かって山一證券・カネボウ事件などで中央青山監査法人は解体させられたが、東北文化大学の補助金不正受給事件において監査法人の監査責任問題が、法廷の場で争われ、監査法人の過失責任が4月13日地裁段階ではあるが認められた。

今回の問題は、不正受給の根拠である大学側の財務書類の虚偽報告書監査責任問題。当大学の財務書類はセンチュリー監査法人(現、新日本監査法人)より適正報告がなされ、大学側からの補助金申請に基づき仙台市が8億10百万円支払った事件。大学側の虚偽は、大学側が受給してから判明している。財務書類の虚偽内容は、簿外負債の存在のチェックミスや寄付金の架空計上であり、監査法人が適正に監査していたならば簡単に判明するものであった。裁判では監査法人の過失を認め受給額の残額7億80百万円をセンチュリー監査法人が支払う判決内容となっている。

 
監査法人は、上場企業以外に監査契約する企業が少なく、仕事の割には儲からない商売である。しかし金融のグローバル化と称して四半期ごとに監査する動きになっており、監査法人にとっては収入の面でラッキーであろう。四半期ごとに監査法人は被監査人から監査報酬を受け取り、今後少しは儲かることになる。しかし仕事をしない大手監査法人の役員様は儲かるが、実務を担当する下っ端の公認会計士や士補は、仕事量が増えるばかり増え、何れの世界でも一緒である。

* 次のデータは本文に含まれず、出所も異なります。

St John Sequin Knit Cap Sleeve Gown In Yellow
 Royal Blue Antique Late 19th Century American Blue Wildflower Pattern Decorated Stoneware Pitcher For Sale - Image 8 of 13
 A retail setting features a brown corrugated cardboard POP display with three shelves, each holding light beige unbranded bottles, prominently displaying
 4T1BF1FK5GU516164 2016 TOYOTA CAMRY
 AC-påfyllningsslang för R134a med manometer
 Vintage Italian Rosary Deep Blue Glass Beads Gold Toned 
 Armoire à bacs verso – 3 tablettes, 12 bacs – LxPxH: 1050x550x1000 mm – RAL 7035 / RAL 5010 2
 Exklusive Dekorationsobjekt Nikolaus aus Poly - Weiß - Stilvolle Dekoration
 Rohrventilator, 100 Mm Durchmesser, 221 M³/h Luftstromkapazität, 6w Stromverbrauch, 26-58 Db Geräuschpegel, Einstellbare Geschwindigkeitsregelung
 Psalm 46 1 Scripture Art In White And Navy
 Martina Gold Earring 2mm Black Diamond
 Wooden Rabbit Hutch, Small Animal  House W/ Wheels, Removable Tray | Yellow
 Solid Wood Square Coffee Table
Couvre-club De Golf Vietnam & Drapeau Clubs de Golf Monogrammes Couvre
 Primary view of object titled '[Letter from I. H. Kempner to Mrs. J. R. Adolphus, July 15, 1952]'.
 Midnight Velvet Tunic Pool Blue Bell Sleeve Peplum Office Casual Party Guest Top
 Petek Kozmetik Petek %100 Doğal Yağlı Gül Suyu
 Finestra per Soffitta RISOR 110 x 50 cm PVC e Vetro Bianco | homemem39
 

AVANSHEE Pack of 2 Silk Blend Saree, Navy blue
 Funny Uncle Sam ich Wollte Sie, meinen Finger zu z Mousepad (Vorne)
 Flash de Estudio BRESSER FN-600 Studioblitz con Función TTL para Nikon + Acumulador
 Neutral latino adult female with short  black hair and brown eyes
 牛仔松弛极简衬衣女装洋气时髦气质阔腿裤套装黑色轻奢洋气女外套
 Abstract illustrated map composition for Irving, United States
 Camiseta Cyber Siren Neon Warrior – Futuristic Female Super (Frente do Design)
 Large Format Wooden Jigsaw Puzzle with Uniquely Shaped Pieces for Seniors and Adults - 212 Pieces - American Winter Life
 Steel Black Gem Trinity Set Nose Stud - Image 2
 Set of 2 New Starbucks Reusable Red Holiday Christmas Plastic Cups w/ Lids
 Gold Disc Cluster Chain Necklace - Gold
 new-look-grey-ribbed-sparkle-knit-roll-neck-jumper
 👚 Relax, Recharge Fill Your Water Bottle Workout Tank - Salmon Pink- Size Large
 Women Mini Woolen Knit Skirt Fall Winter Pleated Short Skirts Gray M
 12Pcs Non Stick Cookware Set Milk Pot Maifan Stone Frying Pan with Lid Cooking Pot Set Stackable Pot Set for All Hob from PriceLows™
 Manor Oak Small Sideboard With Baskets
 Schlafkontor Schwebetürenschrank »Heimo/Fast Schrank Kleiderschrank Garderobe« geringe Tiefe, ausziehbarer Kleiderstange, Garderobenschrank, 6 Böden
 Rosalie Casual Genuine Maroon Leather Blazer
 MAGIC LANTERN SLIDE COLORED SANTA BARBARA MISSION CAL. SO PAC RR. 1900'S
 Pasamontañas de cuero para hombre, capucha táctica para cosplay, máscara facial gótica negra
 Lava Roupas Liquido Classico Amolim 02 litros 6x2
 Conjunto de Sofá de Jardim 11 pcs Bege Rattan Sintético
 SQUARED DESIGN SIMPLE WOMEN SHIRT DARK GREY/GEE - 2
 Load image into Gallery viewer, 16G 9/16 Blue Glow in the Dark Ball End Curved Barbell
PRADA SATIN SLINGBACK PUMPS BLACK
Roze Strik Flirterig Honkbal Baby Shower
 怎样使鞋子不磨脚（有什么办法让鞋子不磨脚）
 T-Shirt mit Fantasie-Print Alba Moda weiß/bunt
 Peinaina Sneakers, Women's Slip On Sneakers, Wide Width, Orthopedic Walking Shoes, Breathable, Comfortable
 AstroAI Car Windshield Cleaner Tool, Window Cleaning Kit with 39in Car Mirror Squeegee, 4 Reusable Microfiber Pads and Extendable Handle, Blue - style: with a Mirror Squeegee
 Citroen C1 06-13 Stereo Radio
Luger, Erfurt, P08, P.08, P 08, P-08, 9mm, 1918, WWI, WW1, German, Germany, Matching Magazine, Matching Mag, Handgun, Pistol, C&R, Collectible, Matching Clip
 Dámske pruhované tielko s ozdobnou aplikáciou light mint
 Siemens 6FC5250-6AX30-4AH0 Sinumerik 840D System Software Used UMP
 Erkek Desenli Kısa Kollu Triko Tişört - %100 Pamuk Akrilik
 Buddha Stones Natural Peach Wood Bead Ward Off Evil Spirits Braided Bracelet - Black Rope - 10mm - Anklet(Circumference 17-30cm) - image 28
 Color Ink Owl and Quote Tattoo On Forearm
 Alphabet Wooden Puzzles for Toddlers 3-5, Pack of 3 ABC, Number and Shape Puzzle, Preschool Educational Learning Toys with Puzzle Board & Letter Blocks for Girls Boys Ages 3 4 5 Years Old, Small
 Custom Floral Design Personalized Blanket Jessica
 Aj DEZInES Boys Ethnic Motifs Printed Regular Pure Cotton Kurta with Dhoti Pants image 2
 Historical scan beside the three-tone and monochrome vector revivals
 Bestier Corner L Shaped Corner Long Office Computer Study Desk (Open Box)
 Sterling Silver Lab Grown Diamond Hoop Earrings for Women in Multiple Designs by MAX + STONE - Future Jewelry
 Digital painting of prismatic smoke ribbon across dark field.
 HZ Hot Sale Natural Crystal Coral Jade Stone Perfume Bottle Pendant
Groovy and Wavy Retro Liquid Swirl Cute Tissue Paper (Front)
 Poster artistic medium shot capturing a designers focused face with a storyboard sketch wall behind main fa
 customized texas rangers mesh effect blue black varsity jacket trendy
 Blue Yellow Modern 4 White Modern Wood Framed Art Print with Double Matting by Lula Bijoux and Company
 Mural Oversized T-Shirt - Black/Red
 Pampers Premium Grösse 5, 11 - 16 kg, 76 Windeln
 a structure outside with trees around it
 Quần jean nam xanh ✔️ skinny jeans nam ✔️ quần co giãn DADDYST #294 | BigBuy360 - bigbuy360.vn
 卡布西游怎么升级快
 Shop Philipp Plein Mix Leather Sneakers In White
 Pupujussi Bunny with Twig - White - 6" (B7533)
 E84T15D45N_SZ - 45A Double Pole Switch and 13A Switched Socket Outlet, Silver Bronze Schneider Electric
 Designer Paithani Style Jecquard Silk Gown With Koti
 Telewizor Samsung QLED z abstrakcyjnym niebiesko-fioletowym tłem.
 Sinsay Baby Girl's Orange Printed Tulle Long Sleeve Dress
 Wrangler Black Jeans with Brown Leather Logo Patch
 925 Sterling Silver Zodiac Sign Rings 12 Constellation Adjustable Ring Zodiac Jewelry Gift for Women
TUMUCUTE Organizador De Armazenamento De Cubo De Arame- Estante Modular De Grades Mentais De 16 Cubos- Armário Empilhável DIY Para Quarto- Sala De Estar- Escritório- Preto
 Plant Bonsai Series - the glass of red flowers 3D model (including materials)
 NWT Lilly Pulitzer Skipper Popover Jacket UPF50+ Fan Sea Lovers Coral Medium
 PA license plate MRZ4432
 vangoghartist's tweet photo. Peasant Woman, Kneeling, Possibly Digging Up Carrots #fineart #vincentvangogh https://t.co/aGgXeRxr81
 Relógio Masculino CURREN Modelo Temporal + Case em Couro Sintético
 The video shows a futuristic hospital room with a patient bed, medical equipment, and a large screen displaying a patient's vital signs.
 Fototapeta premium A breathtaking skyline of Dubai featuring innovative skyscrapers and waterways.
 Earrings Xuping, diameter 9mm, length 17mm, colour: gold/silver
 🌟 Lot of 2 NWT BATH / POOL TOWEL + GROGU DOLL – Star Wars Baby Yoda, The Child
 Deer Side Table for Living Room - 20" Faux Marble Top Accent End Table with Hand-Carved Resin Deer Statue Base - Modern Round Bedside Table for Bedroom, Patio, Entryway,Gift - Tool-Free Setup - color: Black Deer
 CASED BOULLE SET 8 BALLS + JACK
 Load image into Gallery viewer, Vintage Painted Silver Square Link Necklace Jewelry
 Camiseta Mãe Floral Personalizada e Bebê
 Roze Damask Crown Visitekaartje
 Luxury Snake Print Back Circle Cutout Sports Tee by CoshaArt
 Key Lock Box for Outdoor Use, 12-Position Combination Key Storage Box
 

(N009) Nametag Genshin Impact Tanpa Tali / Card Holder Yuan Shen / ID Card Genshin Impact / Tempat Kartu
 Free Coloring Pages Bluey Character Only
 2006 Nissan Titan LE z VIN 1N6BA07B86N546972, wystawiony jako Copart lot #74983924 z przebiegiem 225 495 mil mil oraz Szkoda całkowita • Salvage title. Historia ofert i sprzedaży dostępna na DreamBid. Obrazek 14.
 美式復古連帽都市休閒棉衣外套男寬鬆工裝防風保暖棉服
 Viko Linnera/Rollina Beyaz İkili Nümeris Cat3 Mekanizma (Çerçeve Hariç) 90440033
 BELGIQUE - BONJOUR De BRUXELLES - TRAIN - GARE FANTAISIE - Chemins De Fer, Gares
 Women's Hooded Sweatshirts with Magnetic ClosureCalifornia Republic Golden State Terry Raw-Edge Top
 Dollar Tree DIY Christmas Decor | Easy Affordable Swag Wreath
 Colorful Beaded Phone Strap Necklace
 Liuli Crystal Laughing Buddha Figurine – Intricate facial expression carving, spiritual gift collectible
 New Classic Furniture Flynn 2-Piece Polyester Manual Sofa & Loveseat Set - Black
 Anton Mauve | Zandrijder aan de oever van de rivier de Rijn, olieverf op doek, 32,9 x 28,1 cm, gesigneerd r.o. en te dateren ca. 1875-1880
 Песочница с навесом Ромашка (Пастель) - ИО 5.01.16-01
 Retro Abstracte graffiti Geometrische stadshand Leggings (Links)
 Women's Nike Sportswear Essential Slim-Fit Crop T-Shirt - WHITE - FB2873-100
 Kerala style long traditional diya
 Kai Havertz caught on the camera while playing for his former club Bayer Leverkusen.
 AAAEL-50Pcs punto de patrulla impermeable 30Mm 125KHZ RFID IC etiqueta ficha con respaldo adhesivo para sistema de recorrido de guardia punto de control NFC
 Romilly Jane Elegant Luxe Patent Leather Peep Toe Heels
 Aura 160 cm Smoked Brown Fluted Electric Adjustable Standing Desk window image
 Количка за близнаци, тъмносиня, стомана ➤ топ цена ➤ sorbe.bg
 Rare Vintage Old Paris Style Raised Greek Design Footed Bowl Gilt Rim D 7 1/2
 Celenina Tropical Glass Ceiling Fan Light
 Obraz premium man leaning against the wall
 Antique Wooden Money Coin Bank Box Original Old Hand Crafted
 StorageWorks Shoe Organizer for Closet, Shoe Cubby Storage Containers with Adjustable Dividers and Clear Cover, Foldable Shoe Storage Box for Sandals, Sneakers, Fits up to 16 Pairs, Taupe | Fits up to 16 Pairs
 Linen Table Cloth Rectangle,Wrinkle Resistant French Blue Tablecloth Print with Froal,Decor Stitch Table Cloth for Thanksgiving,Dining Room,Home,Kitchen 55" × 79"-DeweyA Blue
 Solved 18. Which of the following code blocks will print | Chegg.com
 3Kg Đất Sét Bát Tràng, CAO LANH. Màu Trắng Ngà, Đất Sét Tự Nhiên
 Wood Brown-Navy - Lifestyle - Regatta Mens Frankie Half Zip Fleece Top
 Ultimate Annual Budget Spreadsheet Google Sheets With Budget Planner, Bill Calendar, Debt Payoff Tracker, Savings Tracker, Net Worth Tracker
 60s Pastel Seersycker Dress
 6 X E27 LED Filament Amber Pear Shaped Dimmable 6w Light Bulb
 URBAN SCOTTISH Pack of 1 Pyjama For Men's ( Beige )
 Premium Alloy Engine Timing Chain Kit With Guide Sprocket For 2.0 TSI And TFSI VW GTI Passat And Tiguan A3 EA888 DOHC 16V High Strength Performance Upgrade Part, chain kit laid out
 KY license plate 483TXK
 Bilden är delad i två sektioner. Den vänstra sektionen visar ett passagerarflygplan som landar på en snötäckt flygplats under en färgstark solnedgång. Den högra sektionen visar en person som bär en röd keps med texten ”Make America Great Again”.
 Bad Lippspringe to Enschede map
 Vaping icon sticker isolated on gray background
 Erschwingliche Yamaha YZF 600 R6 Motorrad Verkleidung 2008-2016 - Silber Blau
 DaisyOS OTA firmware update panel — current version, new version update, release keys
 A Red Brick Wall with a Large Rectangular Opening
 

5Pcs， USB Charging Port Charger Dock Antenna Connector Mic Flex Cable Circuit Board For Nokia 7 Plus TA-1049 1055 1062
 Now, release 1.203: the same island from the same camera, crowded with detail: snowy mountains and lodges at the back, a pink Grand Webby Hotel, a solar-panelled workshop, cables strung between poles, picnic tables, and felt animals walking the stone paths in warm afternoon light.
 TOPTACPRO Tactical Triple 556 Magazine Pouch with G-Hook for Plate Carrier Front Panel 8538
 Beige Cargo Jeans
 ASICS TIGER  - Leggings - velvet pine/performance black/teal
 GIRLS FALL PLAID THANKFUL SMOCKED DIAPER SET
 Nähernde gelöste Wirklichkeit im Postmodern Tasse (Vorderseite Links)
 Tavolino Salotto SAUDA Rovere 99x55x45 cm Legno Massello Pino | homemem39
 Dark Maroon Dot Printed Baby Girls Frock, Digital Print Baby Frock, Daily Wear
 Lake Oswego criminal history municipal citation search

監査法人の不正や過失は、被監査人から報酬をもらうことにより発生する。三波春夫流にいえば「お客様は神様」であり、厳しく監査すれば監査契約を解除される恐れさえある。 
第3者に対して専門的立場で財務諸表の適正意見を法的にも意見することが出来る存在である監査法人の営業システムの現実こそが問題であろう。